In 2005, a respected NGO reported of Darfur-like political rapes among women in Zimbabwe, and concluded that political violence was the "biggest killer of women in Zimbabwe". This is not true because domestic violence, a daily occurrence in Zimbabwe, is a bigger killer of women than the sporadic electoral violence which occurs mostly around the elections.

But while domestic violence may have been the fashionable cause in the 1980s when the Msasa Project conducted nation-wide campaigns, it is political violence that is all the rage now.

Yes, the Zimbabwean government has been guilty of gross human rights violations, particularly around the elections. And it has failed to provide redress through the courts. Only the hardest heart can be unmoved by the fates of the dead, the missing and the tortured from the last election and those before.

But it is also the case that reports of human rights abuses have often been exaggerated. The more cynical of my cynical brethren will tell you that human rights abuses are the bread and butter of activists, that from there comes funding, and, the more abuses, the more the money.

I admit to small quantities of cynicism, but I believe many activists are essentially well-meaning. It strikes me that most of the hyperbole arises from the need to focus "international attention" and action in a world saturated with abuses that drives activists to make outrageous claims.

The recent discussion around the Kimberley Process certification of Zimbabwe's diamonds is instructive. Again, it is beyond doubt that there are abuses in the Marange alluvial fields. The reports from the various groups that have visited the area make for chilling reading. Extra-judicial killings. Forced labour syndicates. Child labour. Looting and harassment.

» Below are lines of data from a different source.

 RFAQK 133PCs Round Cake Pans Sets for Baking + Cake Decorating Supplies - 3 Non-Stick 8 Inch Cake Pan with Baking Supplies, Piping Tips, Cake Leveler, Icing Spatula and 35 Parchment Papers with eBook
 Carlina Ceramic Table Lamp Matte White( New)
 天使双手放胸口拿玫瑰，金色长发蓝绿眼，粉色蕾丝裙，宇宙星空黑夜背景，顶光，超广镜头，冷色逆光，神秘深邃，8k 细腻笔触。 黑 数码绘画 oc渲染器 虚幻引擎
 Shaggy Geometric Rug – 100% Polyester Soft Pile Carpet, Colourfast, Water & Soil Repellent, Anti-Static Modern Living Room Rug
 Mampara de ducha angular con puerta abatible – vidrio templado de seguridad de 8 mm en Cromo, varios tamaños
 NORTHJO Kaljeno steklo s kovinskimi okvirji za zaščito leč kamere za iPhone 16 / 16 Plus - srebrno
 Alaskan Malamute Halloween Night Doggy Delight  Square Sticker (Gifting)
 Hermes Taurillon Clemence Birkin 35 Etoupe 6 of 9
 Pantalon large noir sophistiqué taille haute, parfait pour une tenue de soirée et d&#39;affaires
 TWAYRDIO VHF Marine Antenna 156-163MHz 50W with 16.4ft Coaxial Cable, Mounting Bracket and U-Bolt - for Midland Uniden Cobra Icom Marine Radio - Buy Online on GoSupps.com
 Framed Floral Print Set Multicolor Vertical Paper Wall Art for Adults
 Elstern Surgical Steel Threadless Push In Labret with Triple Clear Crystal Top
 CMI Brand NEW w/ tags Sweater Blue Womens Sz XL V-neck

But by no stretch of the imagination can you take from this that Zimbabwe is in some sort of war zone in which the sale of diamonds is being used to fund an insurgent group.

Africa Partnership Canada made the extraordinary claim that the Joint Operations Command is a rebel movement funded by diamonds that is trying to unseat the legitimate government of Zimbabwe. By legitimate government they mean the unity government, made up of MDC ministers who are as keen to get the diamond certification as their Zanu PF counterparts.

One group after another rallied around the term "blood diamonds", conjuring up images of international criminal trials and Naomi Campbell and Charles Taylor and Leonardo di Caprio with a Rhodesian accent. Something, they insisted, must be done.

And yet the something that must be done cannot be done because the Kimberley definition of conflict diamonds is clear: conflict diamonds are diamonds from areas controlled by forces opposed to legitimate governments used to fund military action. Zimbabwe's diamonds simply do not meet this definition.

This past week, lawyer and activist Beatrice Mtetwa received an award for her work from the American Bar Association. The Association has made the same award to a group of Zimbabweans whom it considered to have made a contribution to the achievement of human rights - the Supreme Court of Zimbabwe.

That was in 2001, nine short years ago, but they may as well be an eternity because it was another court in another country, a court that insisted on habeas corpus after the incarceration of Dumiso Dabengwa, Lookout Masuku and others; a court that struck down corporal punishment, a court that strained to avoid imposing the death penalty, a court that recognised that equality for women was a human right, a court whose judgments were used as precedent in courts beyond Zimbabwe.

If we had that court, we would not need our hard-working activists. But until that time we must rely on them to highlight the many instances of oppression and injustice in our country.

But for as long as they exaggerate situations that are terrible enough not to need exaggeration, activists will play into the hands of their opponents.